Description of the task:
Only the lines below from the one containing "Image 1 of 9" to the one containing "Large Capacity Bag" should be repeated, both included and unchanged.

(Short web captions)
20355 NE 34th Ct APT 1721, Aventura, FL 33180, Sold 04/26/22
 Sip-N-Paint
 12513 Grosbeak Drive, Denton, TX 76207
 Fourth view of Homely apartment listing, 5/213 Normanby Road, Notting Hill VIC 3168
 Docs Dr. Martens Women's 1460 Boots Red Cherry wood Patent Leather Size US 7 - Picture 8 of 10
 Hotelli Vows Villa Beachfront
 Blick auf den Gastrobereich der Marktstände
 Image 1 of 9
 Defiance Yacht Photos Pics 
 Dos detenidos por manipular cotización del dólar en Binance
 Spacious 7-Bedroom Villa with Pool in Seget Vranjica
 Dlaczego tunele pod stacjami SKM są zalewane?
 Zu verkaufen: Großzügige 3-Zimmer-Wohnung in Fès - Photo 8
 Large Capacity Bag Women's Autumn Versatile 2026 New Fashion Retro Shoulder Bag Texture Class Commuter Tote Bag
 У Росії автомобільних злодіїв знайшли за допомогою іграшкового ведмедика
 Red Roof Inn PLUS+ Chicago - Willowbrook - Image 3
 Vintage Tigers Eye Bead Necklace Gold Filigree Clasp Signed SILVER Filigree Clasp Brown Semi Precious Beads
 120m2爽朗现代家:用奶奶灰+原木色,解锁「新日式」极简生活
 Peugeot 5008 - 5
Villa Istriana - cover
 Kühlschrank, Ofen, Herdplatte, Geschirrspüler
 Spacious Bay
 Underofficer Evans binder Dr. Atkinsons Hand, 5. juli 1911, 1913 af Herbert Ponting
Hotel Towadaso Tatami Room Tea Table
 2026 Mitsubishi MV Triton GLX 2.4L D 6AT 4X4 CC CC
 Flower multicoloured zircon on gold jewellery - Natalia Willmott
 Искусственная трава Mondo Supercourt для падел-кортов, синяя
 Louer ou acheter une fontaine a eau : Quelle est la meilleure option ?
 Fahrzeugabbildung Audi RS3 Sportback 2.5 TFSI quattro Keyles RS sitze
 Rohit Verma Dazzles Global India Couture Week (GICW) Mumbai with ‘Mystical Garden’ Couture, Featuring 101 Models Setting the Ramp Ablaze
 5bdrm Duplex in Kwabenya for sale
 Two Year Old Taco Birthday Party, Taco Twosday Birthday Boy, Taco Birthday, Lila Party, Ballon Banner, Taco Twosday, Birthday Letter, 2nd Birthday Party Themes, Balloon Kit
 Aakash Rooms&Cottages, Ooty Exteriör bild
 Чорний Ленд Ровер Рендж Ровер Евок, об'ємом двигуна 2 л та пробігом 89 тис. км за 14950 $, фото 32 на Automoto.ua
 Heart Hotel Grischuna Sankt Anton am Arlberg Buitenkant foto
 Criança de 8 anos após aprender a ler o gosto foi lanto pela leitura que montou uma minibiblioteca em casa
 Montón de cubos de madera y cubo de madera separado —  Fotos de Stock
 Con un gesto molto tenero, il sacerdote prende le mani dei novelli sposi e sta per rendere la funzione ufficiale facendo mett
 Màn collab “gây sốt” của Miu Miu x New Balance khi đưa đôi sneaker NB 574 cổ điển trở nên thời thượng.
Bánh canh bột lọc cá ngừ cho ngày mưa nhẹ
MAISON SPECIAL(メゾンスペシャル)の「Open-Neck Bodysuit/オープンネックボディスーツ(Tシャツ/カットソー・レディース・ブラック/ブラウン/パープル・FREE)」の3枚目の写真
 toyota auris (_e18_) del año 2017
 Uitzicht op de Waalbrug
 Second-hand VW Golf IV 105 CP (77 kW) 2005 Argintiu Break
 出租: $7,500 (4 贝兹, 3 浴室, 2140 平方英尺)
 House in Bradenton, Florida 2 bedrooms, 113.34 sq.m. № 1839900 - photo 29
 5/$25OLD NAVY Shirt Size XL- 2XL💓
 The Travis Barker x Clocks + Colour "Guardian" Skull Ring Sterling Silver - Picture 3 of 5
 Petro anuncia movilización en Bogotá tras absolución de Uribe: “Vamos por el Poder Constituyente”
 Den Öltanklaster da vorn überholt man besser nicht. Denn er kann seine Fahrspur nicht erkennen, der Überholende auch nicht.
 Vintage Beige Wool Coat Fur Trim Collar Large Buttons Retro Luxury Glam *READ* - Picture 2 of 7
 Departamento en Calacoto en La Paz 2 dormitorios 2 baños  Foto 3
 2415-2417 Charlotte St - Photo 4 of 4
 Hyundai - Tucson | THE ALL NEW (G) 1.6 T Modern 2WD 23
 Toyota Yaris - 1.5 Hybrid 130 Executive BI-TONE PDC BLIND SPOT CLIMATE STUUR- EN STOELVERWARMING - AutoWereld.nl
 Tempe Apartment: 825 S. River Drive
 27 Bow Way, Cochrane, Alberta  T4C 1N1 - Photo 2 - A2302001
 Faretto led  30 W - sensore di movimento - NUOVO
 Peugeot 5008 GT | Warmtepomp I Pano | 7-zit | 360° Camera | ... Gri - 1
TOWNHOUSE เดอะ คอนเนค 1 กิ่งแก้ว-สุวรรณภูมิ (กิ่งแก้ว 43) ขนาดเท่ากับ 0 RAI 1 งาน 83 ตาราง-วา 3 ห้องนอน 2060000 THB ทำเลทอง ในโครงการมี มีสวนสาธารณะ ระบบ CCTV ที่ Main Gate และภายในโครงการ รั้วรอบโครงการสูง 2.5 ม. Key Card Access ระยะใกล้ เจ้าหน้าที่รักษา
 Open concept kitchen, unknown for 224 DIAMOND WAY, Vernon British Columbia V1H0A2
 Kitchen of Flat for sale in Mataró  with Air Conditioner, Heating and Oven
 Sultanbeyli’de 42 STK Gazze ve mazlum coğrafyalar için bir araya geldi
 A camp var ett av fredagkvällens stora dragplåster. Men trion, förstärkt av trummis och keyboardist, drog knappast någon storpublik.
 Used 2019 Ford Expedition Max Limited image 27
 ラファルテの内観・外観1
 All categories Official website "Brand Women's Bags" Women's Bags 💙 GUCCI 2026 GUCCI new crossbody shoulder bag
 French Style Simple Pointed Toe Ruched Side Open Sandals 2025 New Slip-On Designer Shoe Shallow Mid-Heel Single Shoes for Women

Reply:
 Image 1 of 9
 Defiance Yacht Photos Pics 
 Dos detenidos por manipular cotización del dólar en Binance
 Spacious 7-Bedroom Villa with Pool in Seget Vranjica
 Dlaczego tunele pod stacjami SKM są zalewane?
 Zu verkaufen: Großzügige 3-Zimmer-Wohnung in Fès - Photo 8
 Large Capacity Bag Women's Autumn Versatile 2026 New Fashion Retro Shoulder Bag Texture Class Commuter Tote Bag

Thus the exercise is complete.